Now, new research from
Washington University in St. Louis suggests that another 10
percent of individual differences in intelligence can be explained by
the strength of neural pathways connecting the left prefrontal cortex
to the rest of the brain.
Published in the
Journal of Neuroscience, the findings establish “global brain
connectivity” as a new approach for understanding human
intelligence. “Our research shows that connectivity with a
particular part of the prefrontal cortex can predict how intelligent
someone is,” suggests lead author Michael W. Cole, PhD, a
postdoctoral research fellow in cognitive neuroscience at Washington
University.
The study is the first
to provide compelling evidence that neural connections between the
left prefrontal cortex and the rest of the brain make a unique and
powerful contribution to the cognitive processing underlying
human intelligence, says Cole, whose research focuses on discovering
the cognitive and neural mechanisms that make human behavior uniquely
flexible and intelligent. “This study suggests that part of what it
means to be intelligent is having a prefrontal cortex that does its
job well; and part of what that means is that it can effectively
communicate with the rest of the brain,” says study co-author
Todd Braver, PhD, professor of psychology in Arts & Sciences and
of neuroscience and radiology in the School of Medicine. Braver is a
co-director of the Cognitive Control and Psychopathology Lab at
Washington University, in which the research was conducted.
One possible
explanation of the findings, the research team suggests, is that the
prefrontal region is a “flexible hub” that uses its extensive
brain-wide connectivity to monitor and influence other brain regions
in a goal-directed manner. “There is evidence that the left
prefrontal cortex is the brain region that ‘remembers’
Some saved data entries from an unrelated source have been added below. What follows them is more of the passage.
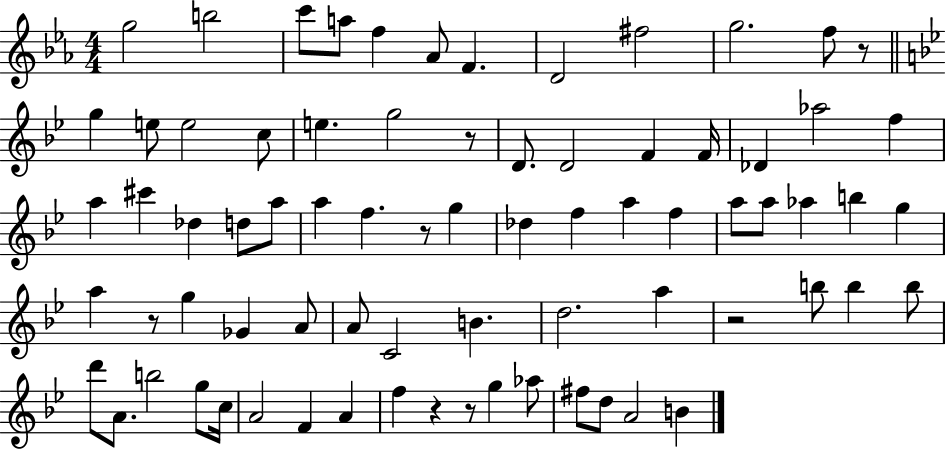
{
  \clef treble
  \numericTimeSignature
  \time 4/4
  \key ees \major
  g''2 b''2 | c'''8 a''8 f''4 aes'8 f'4. | d'2 fis''2 | g''2. f''8 r8 | \break \bar "||" \break \key bes \major g''4 e''8 e''2 c''8 | e''4. g''2 r8 | d'8. d'2 f'4 f'16 | des'4 aes''2 f''4 | \break a''4 cis'''4 des''4 d''8 a''8 | a''4 f''4. r8 g''4 | des''4 f''4 a''4 f''4 | a''8 a''8 aes''4 b''4 g''4 | \break a''4 r8 g''4 ges'4 a'8 | a'8 c'2 b'4. | d''2. a''4 | r2 b''8 b''4 b''8 | \break d'''8 a'8. b''2 g''8 c''16 | a'2 f'4 a'4 | f''4 r4 r8 g''4 aes''8 | fis''8 d''8 a'2 b'4 | \break \bar "|."
}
(maintains) the goals and instructions that help you keep doing what
is needed when you’re working on a task,” Cole says. “So it
makes sense that having this region communicating effectively with
other regions (the ‘perceivers’ and ‘doers’ of the brain)
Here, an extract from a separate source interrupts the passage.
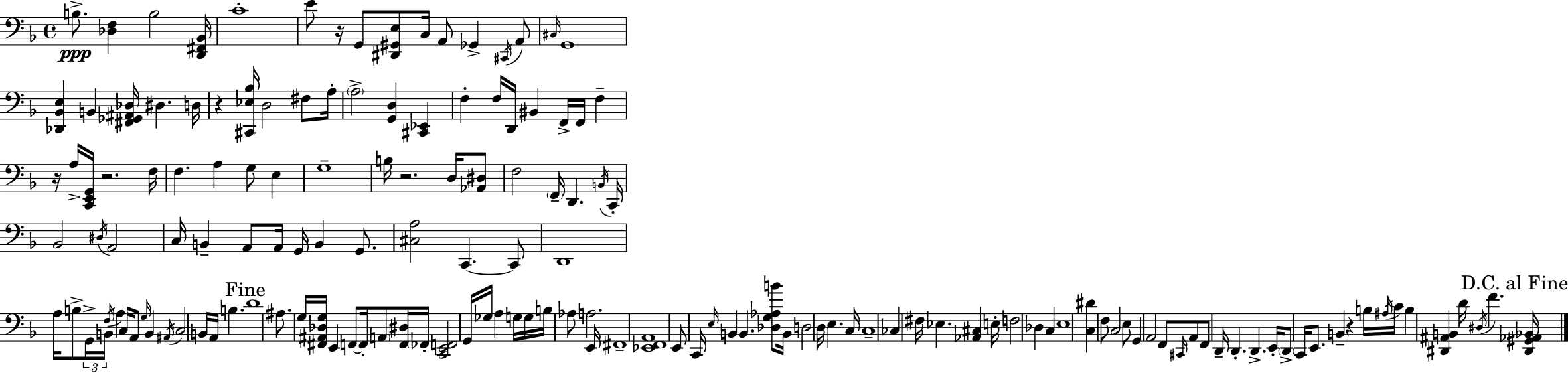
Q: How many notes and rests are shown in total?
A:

would help you to accomplish tasks intelligently.”
While other regions of
the brain make their own special contribution to cognitive
processing, it is the left prefrontal cortex that helps coordinate
these processes and maintain focus on the task at hand, in much the
same way that the conductor of a symphony monitors and tweaks the
real-time performance of an orchestra. “We’re suggesting that the
left prefrontal cortex functions like a feedback control system that
is used often in engineering, that it helps implement cognitive
control (which supports fluid intelligence), and that it doesn’t do
this alone,” Cole says.
The findings are based
on an analysis of functional magnetic resonance brain images captured
as study participants rested passively and also when they were
engaged in a series of mentally challenging tasks associated with
fluid intelligence, such as indicating whether a currently displayed
image was the same as one displayed three images ago.
Previous findings
relating left prefrontal cortex activity to challenging task
performance were supported. Connectivity was then assessed while
participants rested, and their performance on additional tests of
fluid intelligence and cognitive control collected outside the brain
scanner was associated with the estimated connectivity. Results
indicate that levels of global brain connectivity with a part of left
lateral prefrontal cortex serve as a strong predictor of both fluid
intelligence and cognitive control abilities.
Although much remains
to be learned about how these neural connections contribute to fluid
intelligence, new models of brain function suggested by this research
could have important implications for the future understanding —
and perhaps augmentation — of human intelligence. The findings also
may offer new avenues for understanding how breakdowns in global
brain connectivity contribute to the profound cognitive control
deficits seen in schizophrenia and other mental illnesses, Cole
suggests.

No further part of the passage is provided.